GOP presidential hopeful Jeb Bush, perhaps hoping to embellish his conservative credentials, was in Oklahoma City Tuesday morning for a private fundraising breakfast.
He was to be introduced and formally endorsed by Oklahoma Attorney General Scott Pruitt, a staunch critic of the Obama administration and, more specifically, of what conservatives assert has been glaring federal overreach.
Prior to the breakfast, which was held at the Petroleum Club downtown, Bush and Pruitt spent about 30 minutes in a nearby coffee shop where Bush spoke exclusively with News 9.
According to the latest polls, which showed Donald Trump losing ground to Dr. Ben Carson and Carly Fiorina, Bush remains mired in the single digits, well behind them all.
Critics, including Trump, have said the Bush campaign lacks energy.
Bush made light of such criticism during the last debate and insists his is an ideas-driven campaign, but his announcement Tuesday indicated he understands the need to energize his base and believes that Pruitt can help.
“I believe that ideas have consequences and policy really matters, and General Pruitt’s going to play a key role in that,” Bush said.

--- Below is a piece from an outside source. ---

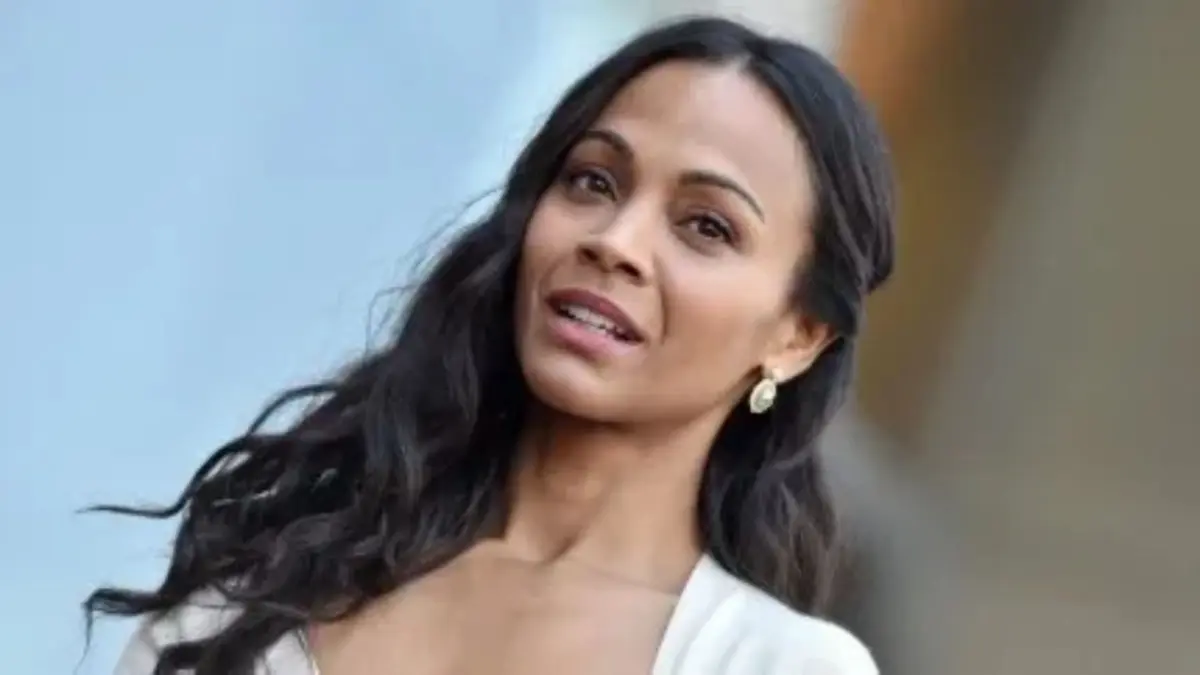 Oficina de Zoe Saldaña desmiente su presencia en toma de posesión de Abinader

The Bush campaign wants voters to know that its candidate has been concerned about the federal government exerting undue influence over the states for more than a decade.
They say his conservative principles are not just talk, and that’s why, as just a candidate, he's launching an initiative to “re-balance the federal-state relationship,” and why he’s tapped Pruitt to lead the initiative.
“General Pruitt has been one of the leaders in the country of advocating the 10th Amendment, and the proper balance of the federal government in our lives,” Bush said.
Pruitt said joining Bush's team was an easy call. He said no other candidate has been as outspoken on what he firmly believes is an imbalance of power between Washington, D.C. and the states.
“He’s taken a very strong position on regulatory reform, making sure that agencies don’t overreach and impede the state’s ability to grow,” Pruitt said.
Pruitt said he’s not at all concerned about the latest polls. He believes Bush should win Oklahoma.
“Absolutely,” said Pruitt. “I mean, the governor's message for Oklahomans is we believe in Oklahomans to make the decisions they need to be making for a better life.”
And Bush believes he can win it all.
“I'm going to win when I show my heart for people, the plight that they're in,” Bush said. “We have to change the course of Washington so that they can have a chance to rise up. I have the leadership skills to do that.”
Bush said he won’t be the loudest person on the stage and he won’t insult people. Clearly, he’s hoping that his actions will speak loudly enough for him.